From here we navigated to the databases console within the RDS console, and refreshed the screen. After doing so we were able to see the general structure of the Aurora cluster via the UI. We were able to see that the Aurora cluster is a regional construct using the Aurora-MySQL engine, and in this case it was deployed in us-east-1. This cluster also had two instances associated with it, and information about the instances was also available, there being a writer and reader instance in this case, and these were deployed into different AZ’s within the same region. It was noted that because of this deployment, the Aurora cluster can cope with the failure of any single availability zone in the region and continue operating with a brief outage.

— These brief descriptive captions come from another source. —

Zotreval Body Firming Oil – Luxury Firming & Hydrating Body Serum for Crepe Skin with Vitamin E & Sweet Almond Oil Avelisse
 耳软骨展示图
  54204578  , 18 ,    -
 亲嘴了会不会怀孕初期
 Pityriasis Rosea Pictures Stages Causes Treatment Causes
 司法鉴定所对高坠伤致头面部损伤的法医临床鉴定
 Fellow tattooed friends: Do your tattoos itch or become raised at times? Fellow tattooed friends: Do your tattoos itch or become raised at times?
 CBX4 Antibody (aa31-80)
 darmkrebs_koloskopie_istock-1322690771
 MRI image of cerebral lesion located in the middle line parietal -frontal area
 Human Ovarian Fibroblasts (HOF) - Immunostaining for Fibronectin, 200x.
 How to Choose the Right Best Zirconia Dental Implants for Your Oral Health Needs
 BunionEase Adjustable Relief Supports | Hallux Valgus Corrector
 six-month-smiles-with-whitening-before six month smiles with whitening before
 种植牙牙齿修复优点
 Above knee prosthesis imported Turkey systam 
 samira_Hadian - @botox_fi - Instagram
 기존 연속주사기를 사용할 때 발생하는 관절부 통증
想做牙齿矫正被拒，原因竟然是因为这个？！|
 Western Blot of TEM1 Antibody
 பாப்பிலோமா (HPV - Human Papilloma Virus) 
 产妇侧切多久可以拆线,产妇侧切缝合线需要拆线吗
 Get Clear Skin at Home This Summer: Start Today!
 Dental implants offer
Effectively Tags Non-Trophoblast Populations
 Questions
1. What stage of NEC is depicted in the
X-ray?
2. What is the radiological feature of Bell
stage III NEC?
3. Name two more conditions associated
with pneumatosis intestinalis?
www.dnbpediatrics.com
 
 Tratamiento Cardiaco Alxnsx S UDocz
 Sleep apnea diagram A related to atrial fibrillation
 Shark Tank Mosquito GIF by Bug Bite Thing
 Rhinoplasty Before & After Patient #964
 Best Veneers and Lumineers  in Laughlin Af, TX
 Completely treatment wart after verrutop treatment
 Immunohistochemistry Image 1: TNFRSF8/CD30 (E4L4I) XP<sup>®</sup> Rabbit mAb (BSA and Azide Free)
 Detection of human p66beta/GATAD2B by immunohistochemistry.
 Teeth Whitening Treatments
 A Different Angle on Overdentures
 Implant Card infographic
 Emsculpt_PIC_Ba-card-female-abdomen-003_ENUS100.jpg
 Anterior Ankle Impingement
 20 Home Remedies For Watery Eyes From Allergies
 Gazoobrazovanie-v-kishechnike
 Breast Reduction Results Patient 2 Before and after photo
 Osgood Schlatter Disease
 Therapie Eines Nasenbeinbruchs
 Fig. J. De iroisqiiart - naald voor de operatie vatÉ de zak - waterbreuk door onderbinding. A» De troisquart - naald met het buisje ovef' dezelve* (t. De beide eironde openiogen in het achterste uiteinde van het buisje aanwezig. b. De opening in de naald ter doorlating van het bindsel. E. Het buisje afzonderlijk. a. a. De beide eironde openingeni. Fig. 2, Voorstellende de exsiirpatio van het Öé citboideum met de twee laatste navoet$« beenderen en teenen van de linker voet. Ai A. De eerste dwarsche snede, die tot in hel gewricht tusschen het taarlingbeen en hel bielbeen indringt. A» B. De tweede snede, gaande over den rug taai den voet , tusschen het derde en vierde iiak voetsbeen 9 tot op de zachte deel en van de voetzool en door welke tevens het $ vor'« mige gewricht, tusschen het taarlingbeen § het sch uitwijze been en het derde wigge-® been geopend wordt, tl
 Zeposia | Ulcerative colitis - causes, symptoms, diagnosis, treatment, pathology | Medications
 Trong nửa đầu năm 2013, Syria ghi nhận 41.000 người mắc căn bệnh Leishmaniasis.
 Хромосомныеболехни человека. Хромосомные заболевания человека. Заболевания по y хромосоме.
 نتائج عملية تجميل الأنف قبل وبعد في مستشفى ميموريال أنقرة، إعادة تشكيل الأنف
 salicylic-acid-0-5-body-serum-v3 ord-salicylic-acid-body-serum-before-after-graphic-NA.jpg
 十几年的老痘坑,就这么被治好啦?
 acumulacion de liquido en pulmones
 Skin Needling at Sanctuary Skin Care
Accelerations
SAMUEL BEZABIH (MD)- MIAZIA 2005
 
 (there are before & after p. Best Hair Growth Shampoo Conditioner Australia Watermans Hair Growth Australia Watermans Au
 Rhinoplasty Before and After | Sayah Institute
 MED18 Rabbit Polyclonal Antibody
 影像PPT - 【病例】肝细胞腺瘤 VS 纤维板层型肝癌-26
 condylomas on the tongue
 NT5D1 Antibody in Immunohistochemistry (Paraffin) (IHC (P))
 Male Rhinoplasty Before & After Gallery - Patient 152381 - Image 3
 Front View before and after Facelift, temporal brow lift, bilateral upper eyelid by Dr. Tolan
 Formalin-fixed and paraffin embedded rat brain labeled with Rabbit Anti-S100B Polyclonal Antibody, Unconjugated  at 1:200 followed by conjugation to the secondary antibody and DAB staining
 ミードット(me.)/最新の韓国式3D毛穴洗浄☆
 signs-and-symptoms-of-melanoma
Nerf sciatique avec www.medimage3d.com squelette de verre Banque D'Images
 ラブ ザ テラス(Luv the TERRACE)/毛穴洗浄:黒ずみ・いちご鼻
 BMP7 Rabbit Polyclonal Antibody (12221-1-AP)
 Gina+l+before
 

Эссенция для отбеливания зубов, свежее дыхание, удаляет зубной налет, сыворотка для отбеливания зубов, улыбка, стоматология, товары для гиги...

This was followed up by a review of how Aurora clusters are differently interacted with than normal RDS. Where normal RDS has a primary instance and optionally a standby instance, and where that standby instance can’t be used for any operations, only failover, with Aurora you can provision multiple replicas, each of which can be located in the same or different AZ’s. Also, multiple replicas can be used for read and write functionality, or, as in the case at present, we have one write replica and one read replica. Unlike RDS, these additional replicas can be used to scale read capacity. The way this is achieved is through providing each cluster with a number of endpoints. The first endpoint is the cluster endpoint, which will always communicate with any instances capable of performing reads and writes. The other endpoint options are write and read endpoints, which map to their respective replica types. Also, because Aurora uses cluster shared storage, all the replicas will communicate with the same storage. So if there is a need to provision more instances or perform a failover operation, they tend to be much quicker than using normal RDS, because they are all using the same shared storage.
Another option is to create custom endpoint which point at specific subsets of instances within the cluster.
After this we took a snapshot of the writer instance for use in an upcoming lesson on serverless architecture. After this we looked at using local media storage for persistent storage. We learned why this was necessary by taking the public ip for the EC2 instance that was created from the snapshot restore and opening the blog in a new tab. Everything loaded normally except that the cat pictures were missing. It was explained that when we terminated our last session, we terminated the local EC2 instance from that session, and the images we need were stored on that EC2 instance, so even though we have all the DB metadata, the images themselves were locally hosted, so they were destroyed when the session was terminated. The point here was to understand that restoring a snapshot creates a new EC2 instance, and for this reason we need persistent storage for anything that may have been residing on a created EC2 instance.